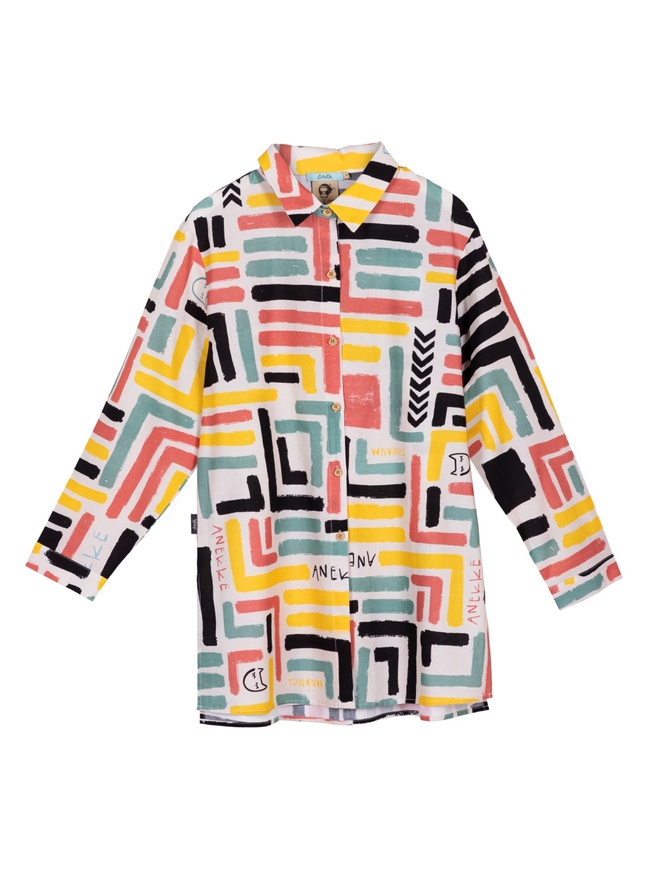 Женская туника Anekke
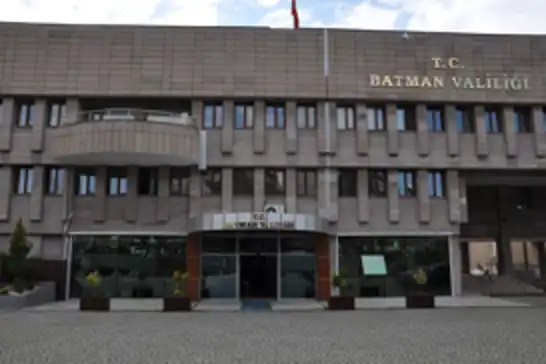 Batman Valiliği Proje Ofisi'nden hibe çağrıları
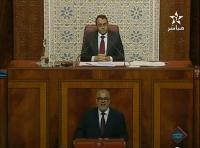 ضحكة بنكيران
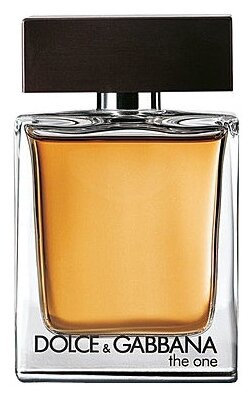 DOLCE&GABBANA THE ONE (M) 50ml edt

...

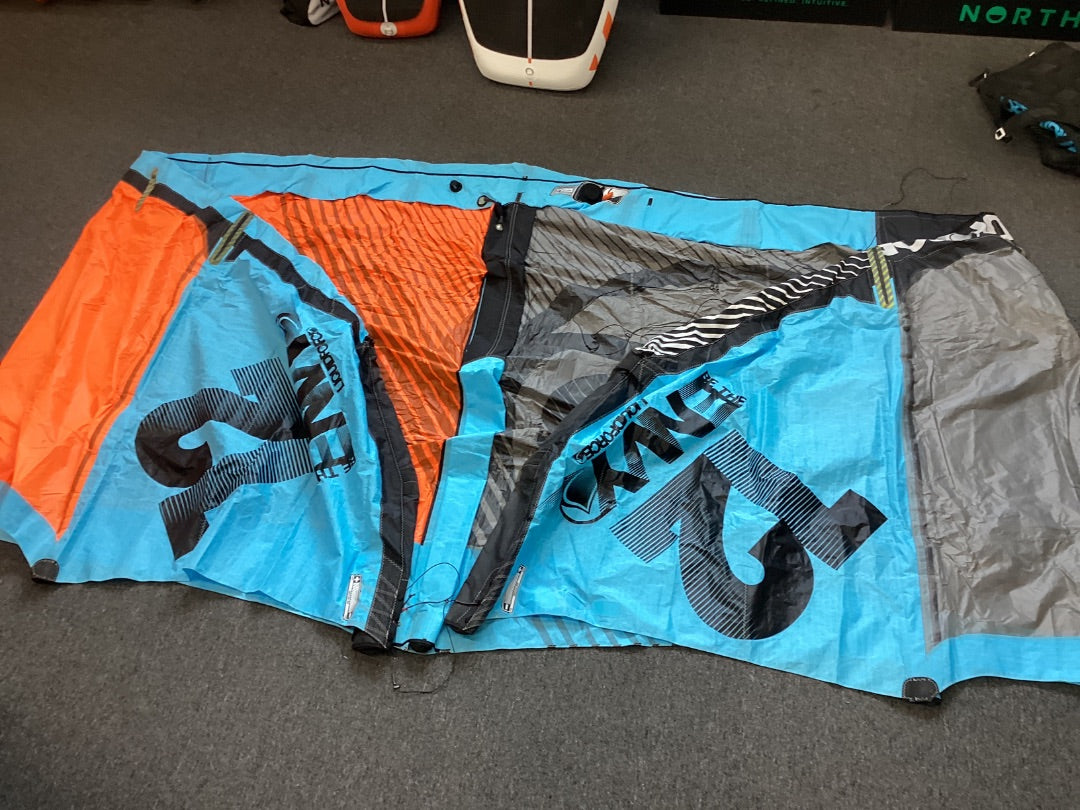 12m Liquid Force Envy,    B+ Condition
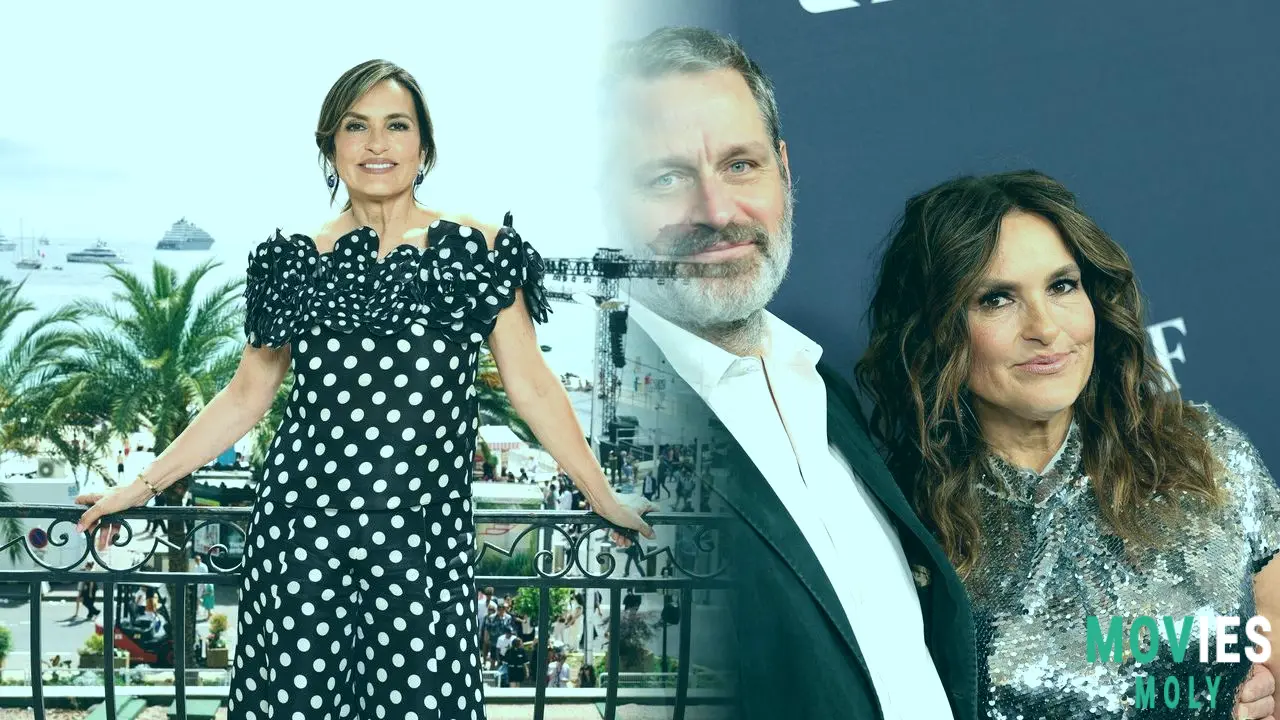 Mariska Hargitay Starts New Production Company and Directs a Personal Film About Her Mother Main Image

* * *

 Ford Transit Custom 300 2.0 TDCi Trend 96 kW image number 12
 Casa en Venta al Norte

Exercise prompt: Only one stretch of the listing above is to be duplicated: the lines from the one containing "Женская туника Anekke" through the one containing "DOLCE&GABBANA THE ONE (M) 50ml edt", both included. Copy them exactly, minus the pictures.

Result of this task:
 Женская туника Anekke
 Batman Valiliği Proje Ofisi'nden hibe çağrıları
 ضحكة بنكيران
 DOLCE&GABBANA THE ONE (M) 50ml edt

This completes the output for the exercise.